Lexicalized semi-incremental dependency parsing
- Hany Hassan Awadalla ,
- Khalil Sima'an ,
- Andy Way
RANLP-2009 - Recent Advances in Natural Language Processing |
Even leaving aside concerns of cognitive plausibility, incremental parsing is appealing for applications such as speech recognition and machine translation because it could allow for incorporating syntactic features into the decoding process without blowing up the search space. Yet, incremental parsing is often associated with greedy parsing decisions and intolerable loss of accuracy. Would the use of lexicalized grammars provide a new perspective on incremental parsing? In this paper we explore incremental left-to-right dependency parsing using a lexicalized grammatical formalism that works with lexical categories (supertags) and a small set of combinatory operators. A strictly incremental parser would conduct only a single pass over the input, use no lookahead and make only local decisions at every word. We show that such a parser suffers heavy loss of accuracy. Instead, we explore the utility of a two-pass approach that incrementally builds a dependency structure by first assigning a supertag to every input word and then selecting an incremental operator that allows assembling every supertag with the dependency structure built so-far to its left. We instantiate this idea in different models that allow a trade-off between aspects of full incrementality and performance, and explore the differences between these models empirically.
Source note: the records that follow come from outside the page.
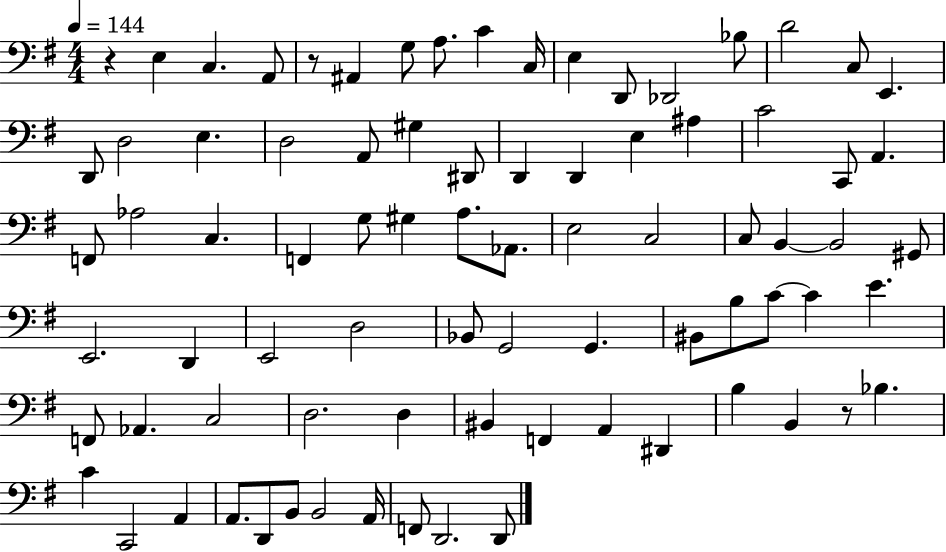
{
  \clef bass
  \numericTimeSignature
  \time 4/4
  \key g \major
  \tempo 4 = 144
  r4 e4 c4. a,8 | r8 ais,4 g8 a8. c'4 c16 | e4 d,8 des,2 bes8 | d'2 c8 e,4. | \break d,8 d2 e4. | d2 a,8 gis4 dis,8 | d,4 d,4 e4 ais4 | c'2 c,8 a,4. | \break f,8 aes2 c4. | f,4 g8 gis4 a8. aes,8. | e2 c2 | c8 b,4~~ b,2 gis,8 | \break e,2. d,4 | e,2 d2 | bes,8 g,2 g,4. | bis,8 b8 c'8~~ c'4 e'4. | \break f,8 aes,4. c2 | d2. d4 | bis,4 f,4 a,4 dis,4 | b4 b,4 r8 bes4. | \break c'4 c,2 a,4 | a,8. d,8 b,8 b,2 a,16 | f,8 d,2. d,8 | \bar "|."
}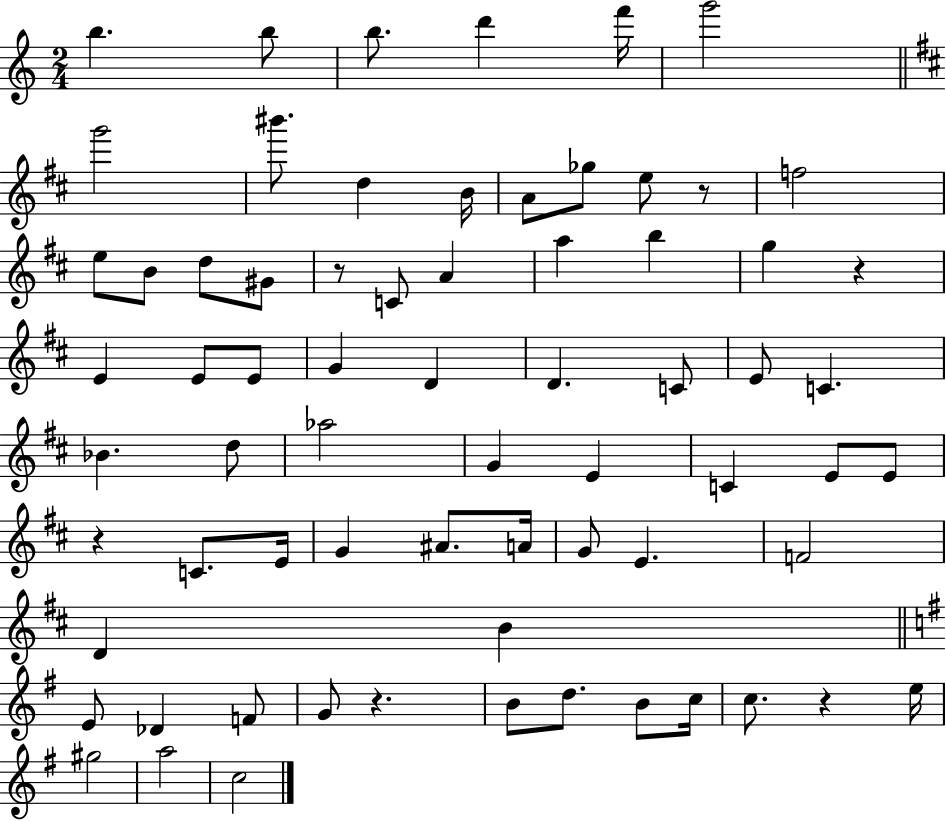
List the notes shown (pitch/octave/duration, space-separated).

B5/q. B5/e B5/e. D6/q F6/s G6/h G6/h BIS6/e. D5/q B4/s A4/e Gb5/e E5/e R/e F5/h E5/e B4/e D5/e G#4/e R/e C4/e A4/q A5/q B5/q G5/q R/q E4/q E4/e E4/e G4/q D4/q D4/q. C4/e E4/e C4/q. Bb4/q. D5/e Ab5/h G4/q E4/q C4/q E4/e E4/e R/q C4/e. E4/s G4/q A#4/e. A4/s G4/e E4/q. F4/h D4/q B4/q E4/e Db4/q F4/e G4/e R/q. B4/e D5/e. B4/e C5/s C5/e. R/q E5/s G#5/h A5/h C5/h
Our exploration shows that a semi-incremental (two-pass), linear-time parser that employs fixed and limited look-ahead exhibits an appealing balance between the efficiency advantages of incrementality and the achieved accuracy. Surprisingly, taking local or global decisions matters very little for the accuracy of this linear-time parser. Such a parser fits seemlessly with the currently dominant finite-state decoders for machine translation.